Televizyonların aç gözlülüğü ise mide bulandırıcı. Yaşadığı dönemde insanların yüzüne bakmayan, güzel seslerin-gerçek emekçilerin kıymetini bilmeyen bu adamlar bir filmin ardından hepsi kaymağı yeme derdine düşüp insanların eski günleri arayışını, özlemini, nostaljiyi bir güzel kullanmaktalar. Okan Bayülgen dahil birçok televizyoncu rahmetli olmuş Ayla Dikmen'İn ölümünden bile habersiz onu programlarına davet etme girişimlerinde bulunduklarını utanarak itiraf etti ki gitgide sapıtan, kültürünü-benliğini kaybeden, herşeyi en kısa zamanda tüketen a acayip bir toplum haline gelişimizin güzel bir örneği olsa gerek bu yaşananlar.
Bu filmin boku çıkınca da başka bir damar bulup ordan bir iki eski şarkı ve şarkıcıyı bulup orayı eşelenir, bu emektarlar tekrar unutulup yeni yeni macerlara yelken açılır.
Düşündüklerini dile getirmekte zorlanan biri olarak, birşeyler anlatabildikse ne mutlu bana. Sıkılan, bunalan, hani klişe tabirle kalabalıklar içinde yalnız bir adam olarak, tutunacak dal bulamayan kayıpp kuşan generation X mensubu olarak, olayın artık memleketi-dünyayı güzelleştirmek kurtarmak olmadığı, kendini kurtarmanın tabiri caizse 'yırtmanın' bir numaralı gündem olduğu ortamda ne yapacağı şaşırmış eblek eblek bakan, her an intihar edecekmiş gibi bakan, övüne övüne psikolojik tedavisini anlatan, aldığı anti-depresanlarıyla gurur duyan, hiçbir sorunu olmamasına karşın her an küçük emrah bakışı yapmaya ve ağlamaya hazır gelen nesillere ağzı açık anlamsız bakan, eskiye her daim özlem duyan, düşündükçe hani ayva yiyip de boğazına durur ya tam o şekil donup kalan bir insan olarak, no future diyerekten hayırlı traşlar diliyorum...

4 yorum:

Şairler Parkı dedi ki...

uzun zamandır bu kadar tartıştığım bir film olduğunu hatırlamıyorum.
tam anlamıyla ortada kalmış durumdayım.
evet güzel film ve beğendim.
ama abartanlara ne demeli ?
hayatım değişti, bakış açım değişti, filmi izlediğimden beri farklı bir insanım diyenler ve bombok, seyirciye oynamış, para için çekmiş, 2 müzik döşemiş alta oh mis diyenler.
lan film bu film.
abartısız şekilde porno film diyen bile çıktı.
yönetmen seyirciye oynamasında nereye oynasın kardeşim. seyirci gelmesin diye filmmi yapsın. her filmin hedef kitlesi var. çağan bunu biraz geniş tutmuş sadece.

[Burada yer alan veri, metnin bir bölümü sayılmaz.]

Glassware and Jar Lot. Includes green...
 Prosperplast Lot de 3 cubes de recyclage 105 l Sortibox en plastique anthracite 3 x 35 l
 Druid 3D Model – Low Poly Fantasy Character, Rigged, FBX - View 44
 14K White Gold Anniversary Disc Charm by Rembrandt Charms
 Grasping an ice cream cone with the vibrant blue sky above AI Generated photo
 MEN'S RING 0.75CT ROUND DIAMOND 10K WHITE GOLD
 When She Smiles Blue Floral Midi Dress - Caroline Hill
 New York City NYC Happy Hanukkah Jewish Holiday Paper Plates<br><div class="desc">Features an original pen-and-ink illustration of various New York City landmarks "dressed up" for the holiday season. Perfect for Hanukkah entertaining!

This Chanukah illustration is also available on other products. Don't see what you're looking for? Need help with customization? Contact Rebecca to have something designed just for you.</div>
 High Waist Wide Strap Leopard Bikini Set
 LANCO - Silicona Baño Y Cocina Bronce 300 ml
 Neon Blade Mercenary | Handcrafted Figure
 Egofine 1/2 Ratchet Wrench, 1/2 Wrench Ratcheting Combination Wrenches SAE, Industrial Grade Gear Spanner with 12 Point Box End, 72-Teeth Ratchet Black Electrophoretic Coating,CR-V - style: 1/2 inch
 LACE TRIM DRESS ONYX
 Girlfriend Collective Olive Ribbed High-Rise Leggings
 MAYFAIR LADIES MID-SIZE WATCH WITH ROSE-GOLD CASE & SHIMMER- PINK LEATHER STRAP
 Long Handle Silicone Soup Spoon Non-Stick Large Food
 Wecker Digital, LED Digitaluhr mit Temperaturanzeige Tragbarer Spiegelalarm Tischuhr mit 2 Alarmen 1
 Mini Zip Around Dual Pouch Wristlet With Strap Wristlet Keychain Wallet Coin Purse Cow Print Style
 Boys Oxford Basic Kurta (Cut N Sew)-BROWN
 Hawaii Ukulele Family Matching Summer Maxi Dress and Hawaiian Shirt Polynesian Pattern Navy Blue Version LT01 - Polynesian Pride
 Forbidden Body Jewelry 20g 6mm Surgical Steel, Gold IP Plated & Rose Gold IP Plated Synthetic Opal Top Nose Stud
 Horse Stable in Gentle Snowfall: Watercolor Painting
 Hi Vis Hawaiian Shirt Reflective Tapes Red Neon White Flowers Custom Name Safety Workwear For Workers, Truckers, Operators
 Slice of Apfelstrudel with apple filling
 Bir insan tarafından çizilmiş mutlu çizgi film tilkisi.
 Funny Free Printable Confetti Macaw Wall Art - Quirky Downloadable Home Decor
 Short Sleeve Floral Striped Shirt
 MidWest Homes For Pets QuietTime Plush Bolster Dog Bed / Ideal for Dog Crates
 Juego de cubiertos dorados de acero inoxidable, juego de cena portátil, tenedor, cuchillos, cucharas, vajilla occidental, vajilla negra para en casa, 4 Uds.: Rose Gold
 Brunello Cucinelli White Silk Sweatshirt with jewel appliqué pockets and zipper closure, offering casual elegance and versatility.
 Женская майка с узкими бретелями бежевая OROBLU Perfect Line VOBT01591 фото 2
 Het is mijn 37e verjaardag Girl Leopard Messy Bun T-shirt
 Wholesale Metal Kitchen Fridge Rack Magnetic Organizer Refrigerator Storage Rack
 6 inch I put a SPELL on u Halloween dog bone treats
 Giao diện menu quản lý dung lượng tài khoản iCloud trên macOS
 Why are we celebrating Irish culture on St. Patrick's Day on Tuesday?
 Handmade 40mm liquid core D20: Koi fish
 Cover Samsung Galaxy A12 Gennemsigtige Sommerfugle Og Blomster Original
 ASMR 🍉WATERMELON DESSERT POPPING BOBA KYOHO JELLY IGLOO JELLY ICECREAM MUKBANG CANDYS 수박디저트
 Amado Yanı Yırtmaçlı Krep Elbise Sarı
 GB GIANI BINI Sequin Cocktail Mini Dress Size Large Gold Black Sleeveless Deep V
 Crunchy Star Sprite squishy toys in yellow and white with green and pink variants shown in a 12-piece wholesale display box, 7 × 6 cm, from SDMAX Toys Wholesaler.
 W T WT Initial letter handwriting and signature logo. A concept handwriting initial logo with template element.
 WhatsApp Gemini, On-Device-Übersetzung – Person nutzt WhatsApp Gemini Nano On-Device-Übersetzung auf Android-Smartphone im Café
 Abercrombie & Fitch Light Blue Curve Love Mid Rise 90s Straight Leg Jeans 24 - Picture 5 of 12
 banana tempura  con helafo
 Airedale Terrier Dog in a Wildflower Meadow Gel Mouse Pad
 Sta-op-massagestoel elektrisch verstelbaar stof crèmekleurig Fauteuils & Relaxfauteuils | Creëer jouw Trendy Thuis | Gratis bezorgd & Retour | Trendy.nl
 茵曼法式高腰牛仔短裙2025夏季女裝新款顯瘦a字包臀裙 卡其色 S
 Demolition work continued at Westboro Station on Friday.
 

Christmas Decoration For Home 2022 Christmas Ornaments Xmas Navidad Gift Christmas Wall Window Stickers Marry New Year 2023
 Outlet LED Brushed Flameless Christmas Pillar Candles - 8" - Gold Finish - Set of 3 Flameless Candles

çağan ırmak benim gözümde türkiyenin en iyi kısa film yönetmenidir.
çektiği bütün filmler 20-30 dakika sınırı içinde gayet anlatabilir. bana old and wise çalsana yı şimdi uzun metraj film yapsa o filmde rekor kırar, çok konuşulur.


değindiğin konulardan birini bizde sık sık konuştuk. bırakın istanbul dışında oturan birini taksimi gün be gün yaşamayan o çarkın içine girmeyen bir insan bu filmin bazı yerlerinde eksik kalacaktır. filmin içine giremeyecektir. yok ama o kadar çok ıssız adam varmış ki, taksime sığmazlar ...

ve işin sektörel kısmı var. artık herkes para kazanmak ne kolay bizde böyle filmler çekelim bizde para kazanalım diyor. ki bunu apaçık söyleyen ilk ezel akaydır.
çek abi sende o zaman. senin filminide 2 milyon kişi izlesin. yok ben kendi tarzımdan taviz vermem para için film çekmem diyorsan kazanan adamada fütursuzca eleştirelerde bulunma.
( eleştirim geneledir, ezel akay'a değil )



uzun oldu biliyorum ama anla beni ferdinand :D
carpe diem

marmara

ferdinand dedi ki...

:)anlıyorum hocam, teşekkürler uzun detaylı yorumun için.
Çağan Irmak'a lafım yok zaten yazıda dediğim gibi kendisi yıllardır koleksiyon yapan, herşeyi biriktiren bir adam, benim kelamım bu filmi görür görmez kendini sahaflara atan, yıllar önce ölen şarkıcıyı programına çağıranlara, yaşamadığı halde çok şey yaşamış gibi yapanlara...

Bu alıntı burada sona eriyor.